The children were treated with immune-modulatory medications (intravenous methylprednisolone and/or intravenous immunoglobulin [IVIG]). One child (patient 5) required a second dose of IVIG before fever settled. All other children became afebrile with the first line therapy and were discharged home on anti-platelet dose of aspirin after acute-phase reactants normalized and they remained afebrile for 48 hours.


   Discussion Top


LV diastolic dysfunction precedes LV systolic dysfunction in all forms of myocarditis. The PALS which is an assessment of the LA reservoir function has been shown to be reduced in adults with diastolic dysfunction.[6] It has been shown to be reduced in children with LA dilatation from varied causes.[7] The parameter was studied in children with KD and was shown to be superior to Lat e/e' in differentiating acute KD from controls.[4]
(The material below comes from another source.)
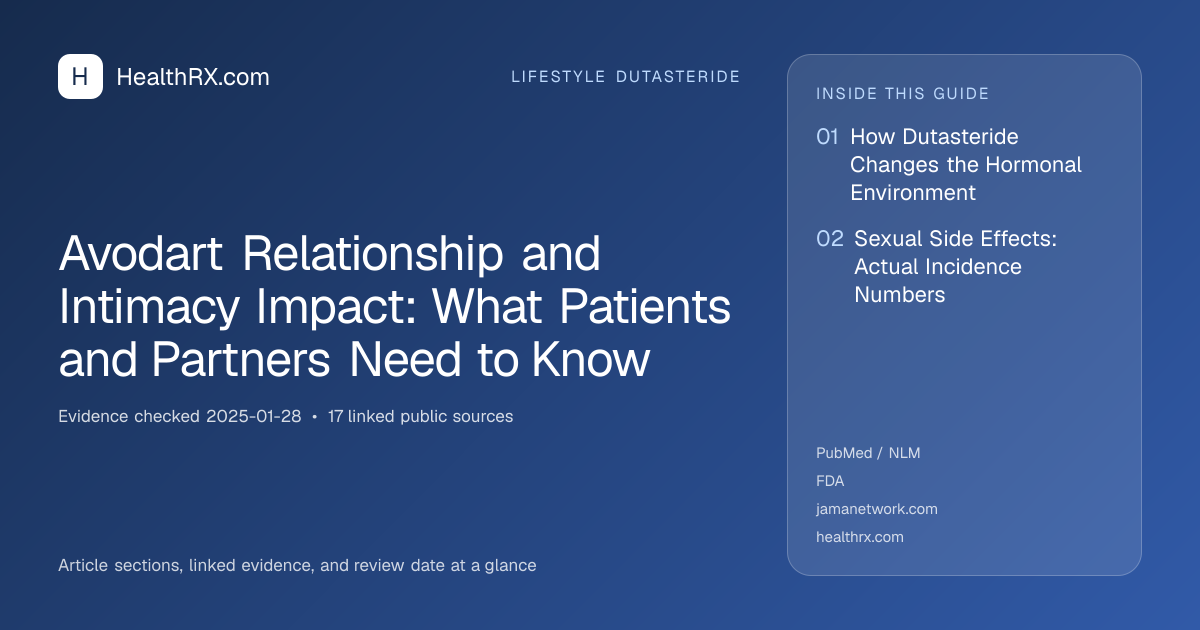Evidence overview for lifestyle dutasteride: Avodart Relationship and Intimacy Impact: What Patients and Partners Need to Know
The initial reports from Europe and North America have shown that the coronary artery dilatation in MIS-C is less spectacular than KD with a very low incidence of giant aneurysms.[2],[8],[9] The first series from our country reported a very low incidence of cardiac abnormalities.[3],[10] In all our patients, there were no aneurysms and the coronary artery z-scores seldom exceeded +2.5. Coronary artery prominence and peri-vascular echogenicity have been reported more widely.[8] However, both these findings are subjective and have very high inter-operator variability.[11]
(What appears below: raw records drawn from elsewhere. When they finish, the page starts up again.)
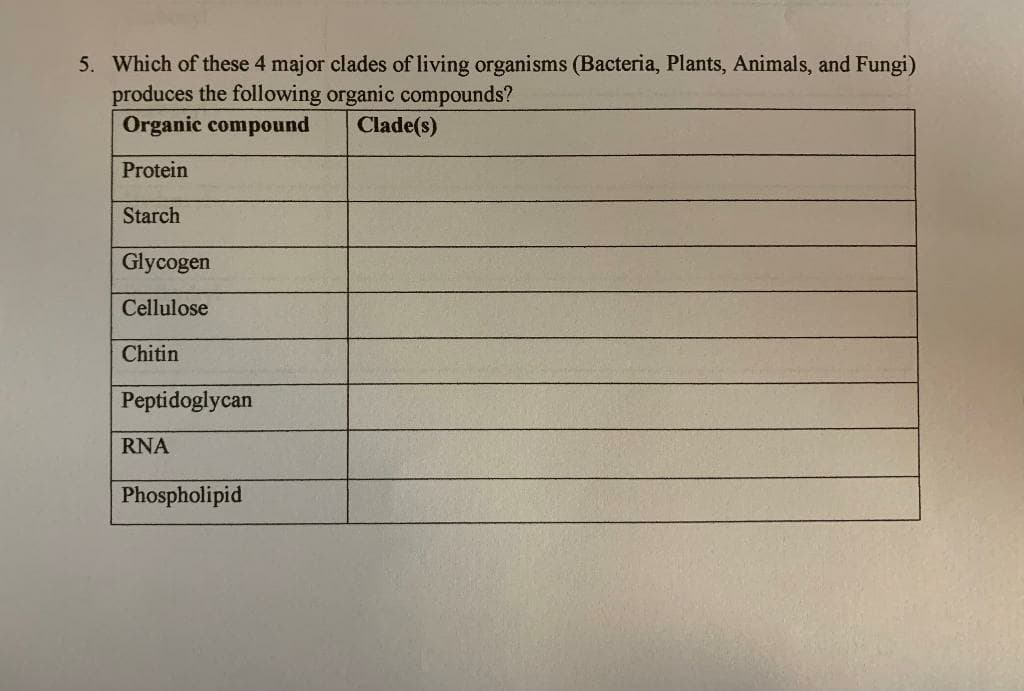5. Which of these 4 major clades of living organisms (Bacteria, Plants, Animals, and Fungi)
produces the following organic compounds?
Organic compound
Clade(s)
Protein
Starch
Glycogen
Cellulose
Chitin
Peptidoglycan
RNA
Phospholipid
The incidence of ventricular dysfunction is higher in children with MIS-C than classical KD suggesting more extensive myocardial involvement.[2],[12] This was noted in our series with more than 50% of children presenting with ventricular dysfunction or other evidence of hemodynamic instability. The first report of comprehensive echocardiographic assessment of children with MIS-C from North America reported that reduced PALS was the single strongest echocardiographic index in children with MIS-C.[2] Although the PALS was reduced in children with MIS-C who did not have other features suggesting myocardial injury, the PALS was lower in children with additional evidence of myocardial injury. This is similar to the values seen in our series as well. Patient 2 had a disproportionately low GLS and PALS compared to the ejection fraction. This patient had a hyper-acute presentation with high grade fever and hypotension on day 3 of illness which may account for impaired deformation even before mechanical dysfunction was more evident. Patient 5 also had a heart rate much higher than the physiological range. Although imaging at a good frame rate was obtained, the fidelity of the deformation parameters at such high heart rates is not well understood.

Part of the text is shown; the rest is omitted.